Cornwall is made of sea and ice cream

I found the perfect beach with a perfect ice cream shoppe. I walked away with my 'strawberries-and-clotted-cream' artisan delight, vaguely hearing words coming from the ice cream seller's mouth

watch out ....

... my attempts to listen to him were interrupted by a seagull's foot landing on my ice cream.

Finding myself in a Hitchcock movie I hurried, hunched over, simultaneously trying to to shelter the cone with my hand and get as much ice cream as possible into my mouth. The bird made another pass under my hand slicing himself a small beakful in such an astonishing way that I dropped the guard hand allowing a third pass and now the gull got the entire double scoop and dropped to the beach, trying in his turn to scoff as much as possible while being mobbed by all the other thieving gulls.

I left them to it feeling foolish - not a single other person was buying ice cream

Tuesday, February 16

I returned to London


with a valise which turns out to be perfectly cat-sized, the black cat has taken ownership - the tortoiseshell sits on my knitting waiting until the black one has to go off for a drink or food, then she nips in and tries to assert squatters rights until chased off in short shrift.

The cat thing is to distract me from remembering that I was in Bristol yesterday getting a tooth pulled - last time I had a tooth out it was a lady dentist who just reached in and clicked the molar as though it was a light fitting and I barely noticed. Yesterday it was like the man was uprooting a redwood. By the time the grinding and scraping stopped I had gone transparent with shock.

I'm surprisingly normal today, back in London I took the 211 to Chelsea. On the Kings Road I walked past a man wearing a huge blue macaw on each shoulder like a pair of mardi gras epaulettes. He was quite a small man and the parrot's heads towered above his. He was walking in a way that indicated he hadn't noticed the birds but quite hastily and with his head thrust forward and furtive as though he thought someone was following him

Tuesday, September 1

Das Sein

I'm preparing for this new term that is rushing up to meet me,  ploughing through texts thick with references to the thoughts of dead men: French ones, Greek ones, Austrian ones and then those German ones and their very special words.

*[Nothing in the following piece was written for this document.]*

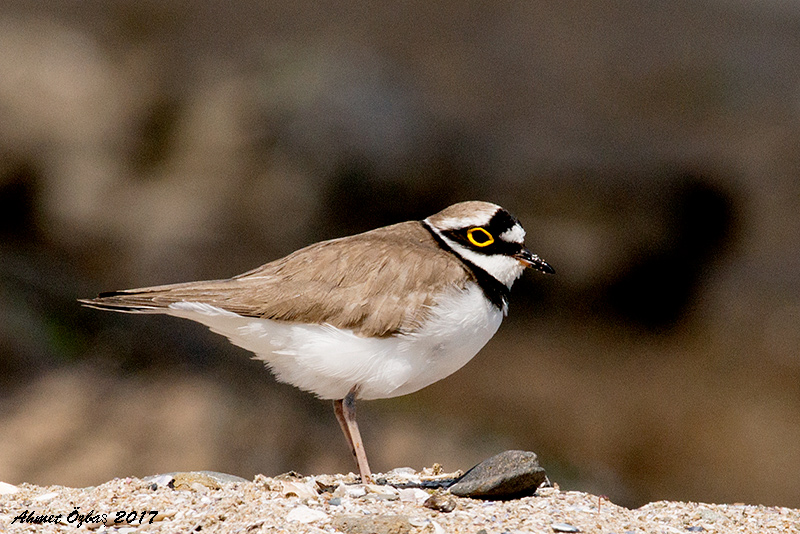 Little Ringed Plover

I've sought to lighten my load by interleaving the heavy boys with joy, such as a wonderful book called Evocative Objects by Sherry Turkle. Also The School of Life chops the likes of Heidegger and Plato into bite-sized pieces for kindergarten philosophers like me.

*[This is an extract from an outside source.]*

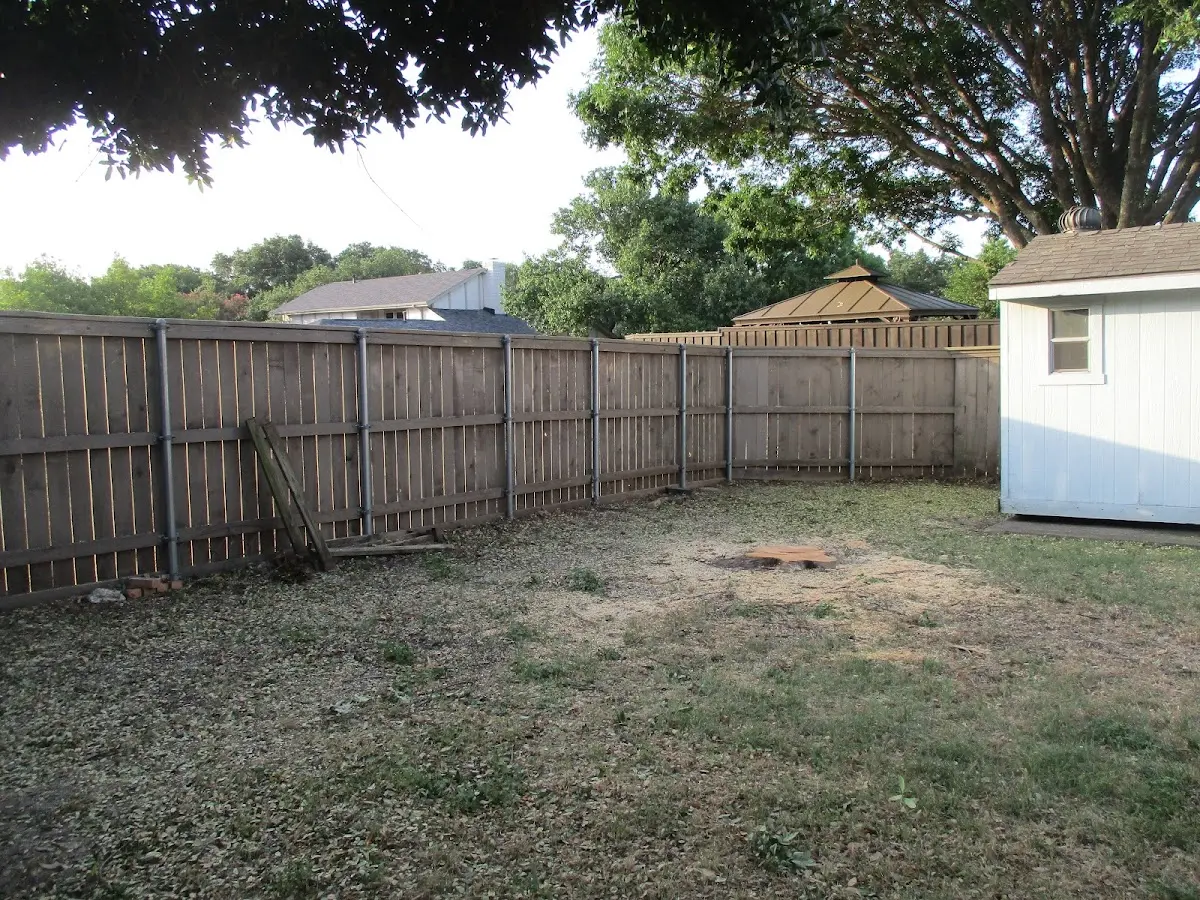 Cleared yard after professional tree removal in Sharon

The mother thrush is letting her son walk around in our garden, she's up on the fence keeping watch. His head is tatty with the remnants of baby feathers and he looks like a drunken uncle at a wedding party, an impression that deepens when a failed attempt to perch on a flimsy branch has him swaying ninety degrees in each direction before he flops back onto the grass. He doesn't fly away when I walk outside and I can see her bobbing around in panic in case I pick him up and eat him.



On Saturday I set off to meet my step-daughter for lunch, passing her father on my way out.

I was wearing one of my re-knitted woolens - it's hairy orange with a la-di-da collar

I said  I'm going to see your daughter

he said  and I see that you're going dressed as a mad woman

Saturday, July 17

More Wildife Than Might Be Good For Me

I'm much worse at packing than I used to be, I pack far more these days and yet I have only a couple of wearable outfits - the other ninety per cent of my luggage might as well have stayed at home.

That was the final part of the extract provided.